STA Blog

Quick video interview with Elizabeth Miller: A panellist at the STA’s April conference.

Arranged by STA Board Member Gerry Celaya, Elizabeth’s a perfect panellist for the second STA Technicals to Trading Systems Conference in London on the 16th April 2024 (also available virtually). The theme this year is: ‘From Classic Charting to AI Developments’, which is where this speaker can certainly hold her own. A veteran of the industry, who remembers drawing charts by hand with a pencil on sheets of graph paper and who has, over the years, worked with increasingly fast and sophisticated hardware and software. She admits: ‘’it’s amazing how fast things have moved in the last thirty years.’’

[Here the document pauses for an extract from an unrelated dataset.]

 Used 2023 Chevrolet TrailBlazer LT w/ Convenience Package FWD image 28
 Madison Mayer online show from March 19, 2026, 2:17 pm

Today, in her own words, ‘’We buy commodities to make things’’ at Mars, the confectionary giant where she has been leading a team for the last sixteen years. She kicks off by questioning what machine learning is, reminding us that what used to be called Deep Learning has existed since the 1950s. Sounding perhaps a little sceptical at the current enthusiasm for Artificial Intelligence, she stresses that it is ‘’a language model and is no good at math. Moving averages, technical analysis and econometrics count as a type of machine learning and are very old indeed.’’ Take a minute to ponder that.

I loved it when she points out that ‘’when trading live commodities (I’m assuming she doesn’t mean still on the hoof) one runs the risk of someone’s fat finger’’, or what’s likely to be a surprise to many, ‘’what do you do when you have a bad actor?’’ The point is: how does one differentiate between outliers, especially when computers work on the Bayesian principle where, if one hasn’t seen it before, it cannot be.

To the risks pointed out by Elizabeth, I’d also add issues like fake news, bots and the authority to edit and take down stories on social media. I’d also be very careful with data vendors; data is valuable, as we all now know, so why are some firms giving it out for free in chart packages?